Consider a model like the one in https://github.com/pytorch/examples/blob/master/mnist/main.py (I take this example just to help to formulate the problem).
The model have a dropout so If I calculate the loss at the training it will not reflect the prediction model loss status for training since that will be without dropout.
From the other side calculating the more faithfull training loss will be computationally very expensive.

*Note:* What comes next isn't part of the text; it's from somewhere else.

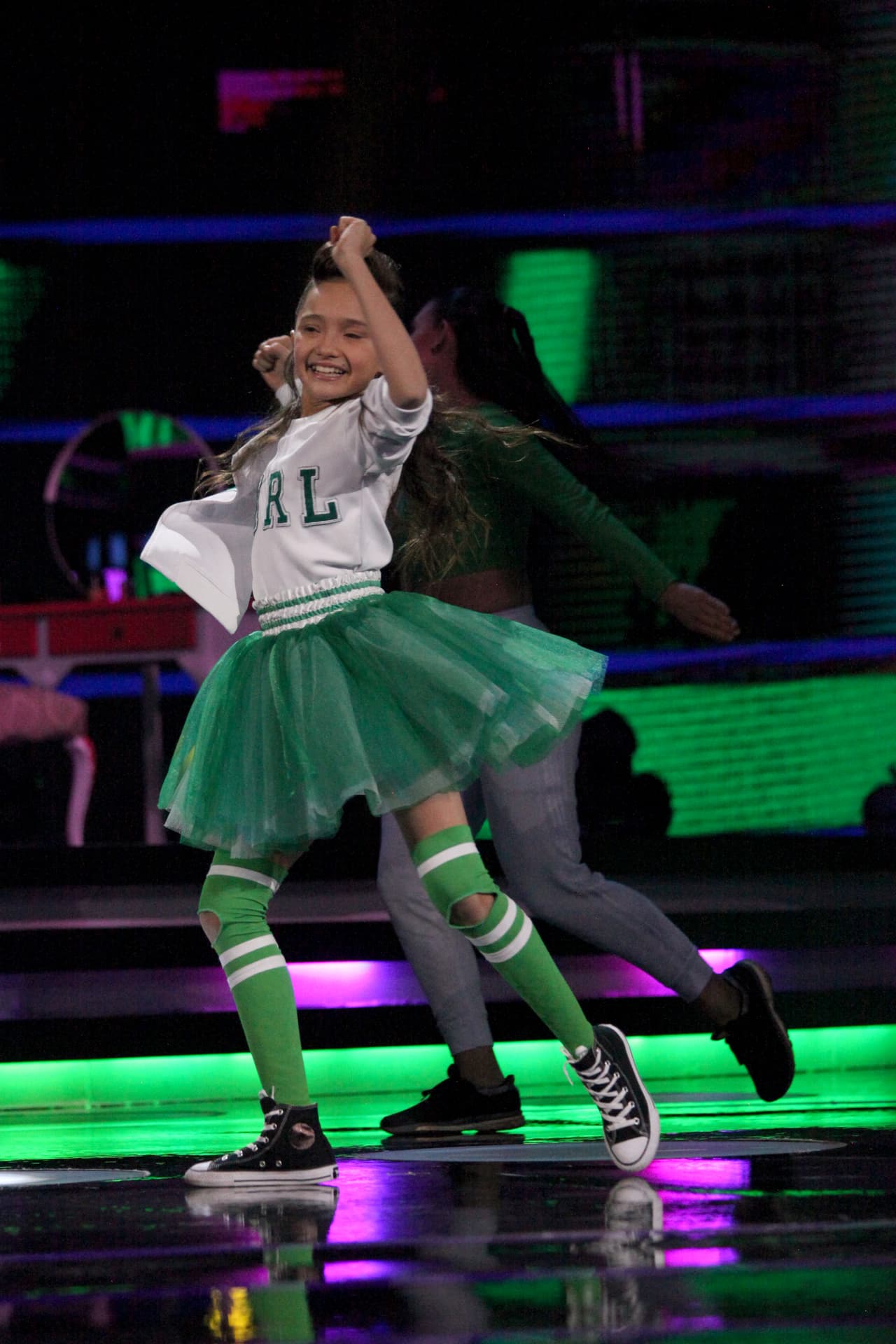 Lo hizo con la coreagrafía del tema 'Arrasando' de Thalía, con su agilidad logró asombrar a los jueces.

I wonder how people deal with that.
Dropout has a training mode and a test mode. The loss of a network with dropout in test mode should be about the same, on average, as dropout in training mode. I’m not saying that training and test losses should be the same; I’m saying that, using a network trained with dropout, taking the mean of the loss should yield about the same value whether you turn on dropout or you turn it off (and by turning it off I mean, putting it in test mode).
I hope that makes sense.
Thanks Carl! When you talk about average you mean calculate the loss on al the batch and then divide for the number of batch. So you are suggesting that calculating it with drop out off or on does not make a significant difference ?
That is what he is saying. Dropout should not change the loss much when averaged over entire batches.
Besides, if your testing loss keeps going down, you must be doing something right.
Thanks, I see your point still I still have the feeling that lefting dropout on in trening could make an underestiamate of an overfeeting problem. I got the felling that killing part of the weight can lower the loss in significant way. If that is not the case I would curious to know the reason behind this heuristics.